P&G’s Pampers brand remains locked in a titanic struggle with Kimberly-Clark’s Huggies brand to clothe the bottoms of infants worldwide as the millennial generation creates a new baby boom, while Unilever is lapping P&G in revenue growth.
But as the Fool also notes, P&G volume figures rose in the most recent quarter across all of its product divisions, at an average of 2 percent. That’s the kind of growth Taylor needs to continue in order to fulfill the promise of all of the brand and cost paring.
That’s where one of the most crucial factors for P&G’s future growth comes in. After a boom under Lafley’s first term in home-grown innovation and even in procuring innovative features and products from outside, under its Connect + Develop program, for the past several years P&G has failed to achieve earlier levels of creation of new brands and products to stay ahead of rivals.

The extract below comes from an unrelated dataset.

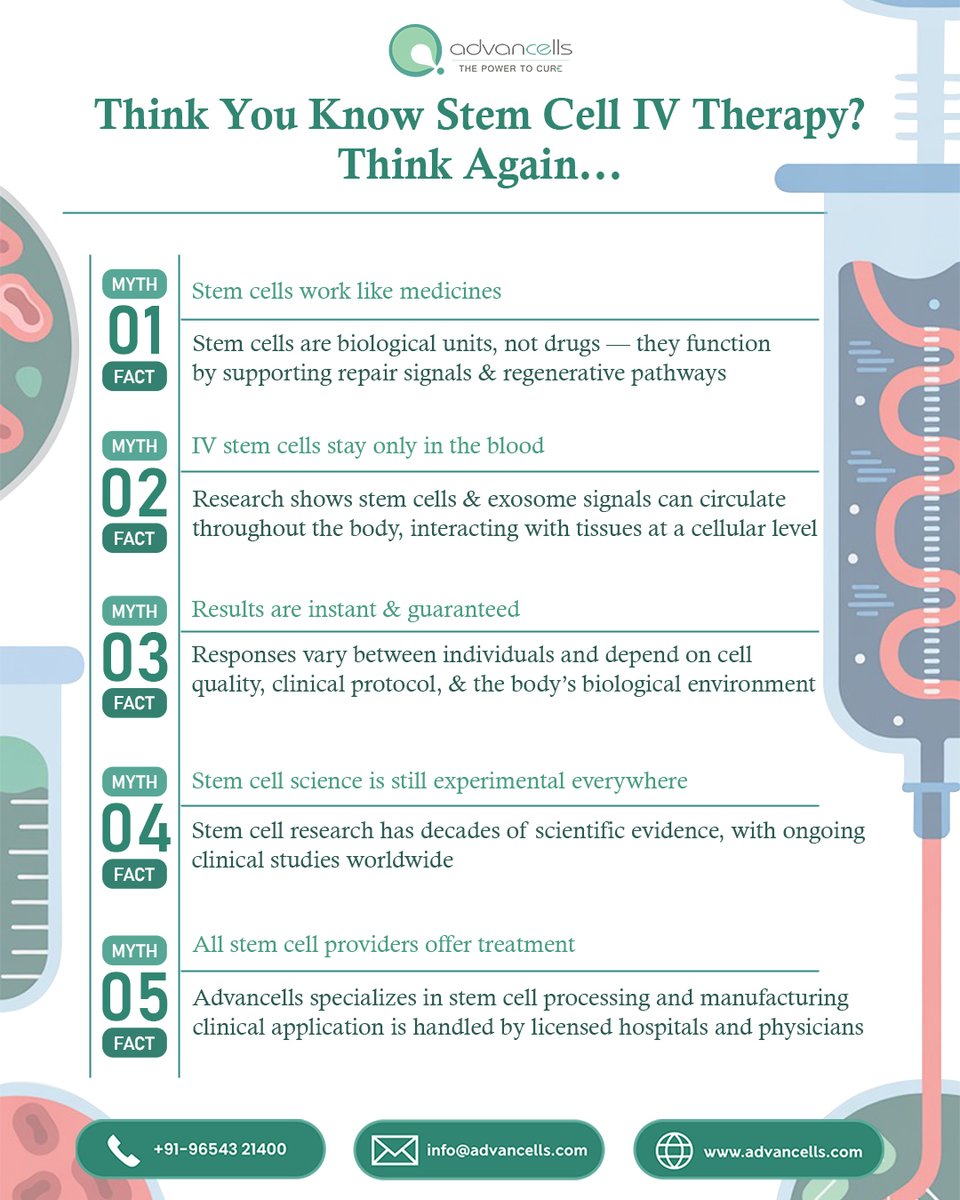 Think stem cells are all hype or instant results? 
Not Actually.

Science works in layers — and Stem Cells work through biological signaling, quality and clinical science, not shortcuts or miracles.

#StemCellScience #MythVsFact #RegenerativeMedicine #StemCellResearch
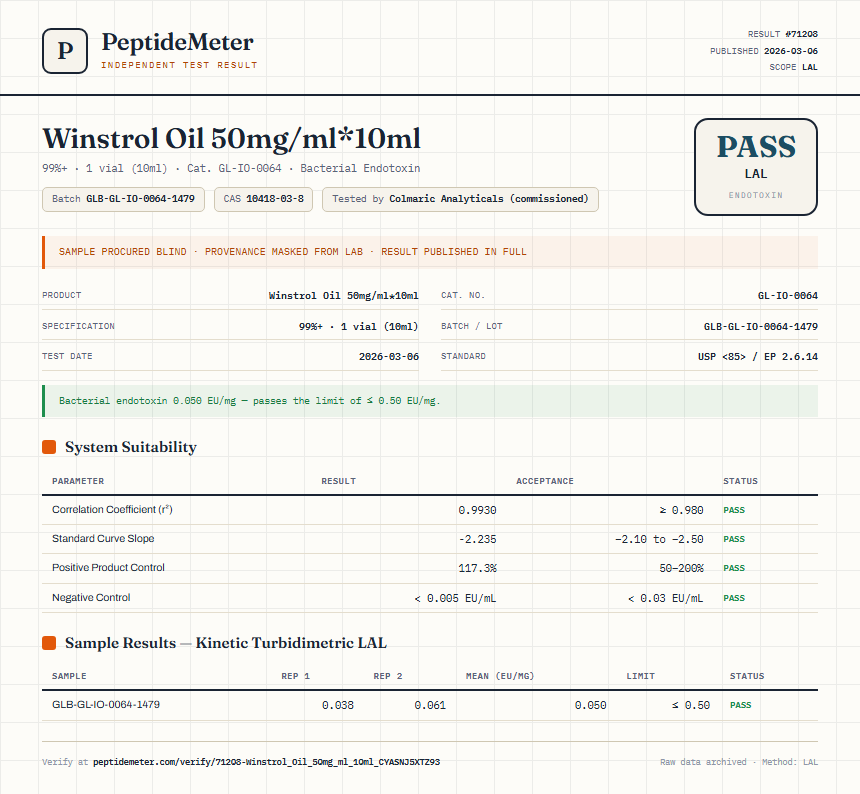 Winstrol Oil 50mg/ml*10ml Endotoxin report by PeptideMeter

There have been new products lately such as Pampers Swaddlers diapers, Gillette Fusion razors and the big win of Tide Pods detergent. But the Fool pointed out that P&G hasn’t introduced a hit new brand worth more than $1 billion in sales in more than a decade. By contrast, rival Johnson & Johnson, despite its own many woes, got one-quarter of its sales last year from products it introduced just in the last five years.
Taylor also has admitted that P&G could have done a better job of anticipating the shift toward value among American consumers. The company’s brands and products have always offered a combination of quality and price premium. But since the end of the great recession, US shoppers have demonstrated stubbornness about insisting on value in their everyday purchases, helping to explain the rise of store labels and e-commerce and some of P&G’s challenges as it adjusts.
“We need to do more work on the lower end of the portfolio,” P&G CFO Jon Moeller told investors recently. So it’s clear to P&G what areas it must address to reignite growth. Now the key is execution.